■ What you should do: Set down, please, without alteration, the lines of the entries below from the first through the one containing "Nike Dri Fit".
===== Input data
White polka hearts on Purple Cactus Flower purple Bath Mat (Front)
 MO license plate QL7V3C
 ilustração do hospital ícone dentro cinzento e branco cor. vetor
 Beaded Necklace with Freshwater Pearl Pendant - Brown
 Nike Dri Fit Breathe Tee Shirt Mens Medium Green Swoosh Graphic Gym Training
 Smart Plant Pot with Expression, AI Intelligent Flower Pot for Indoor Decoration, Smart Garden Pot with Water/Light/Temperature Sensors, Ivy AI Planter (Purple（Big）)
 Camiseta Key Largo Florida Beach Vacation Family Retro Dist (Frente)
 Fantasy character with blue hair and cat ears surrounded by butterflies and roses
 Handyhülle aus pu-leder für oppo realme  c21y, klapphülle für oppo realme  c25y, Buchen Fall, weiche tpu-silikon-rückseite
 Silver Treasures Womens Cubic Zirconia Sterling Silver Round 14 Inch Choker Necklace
==========
■ Solution for this problem:
White polka hearts on Purple Cactus Flower purple Bath Mat (Front)
 MO license plate QL7V3C
 ilustração do hospital ícone dentro cinzento e branco cor. vetor
 Beaded Necklace with Freshwater Pearl Pendant - Brown
 Nike Dri Fit Breathe Tee Shirt Mens Medium Green Swoosh Graphic Gym Training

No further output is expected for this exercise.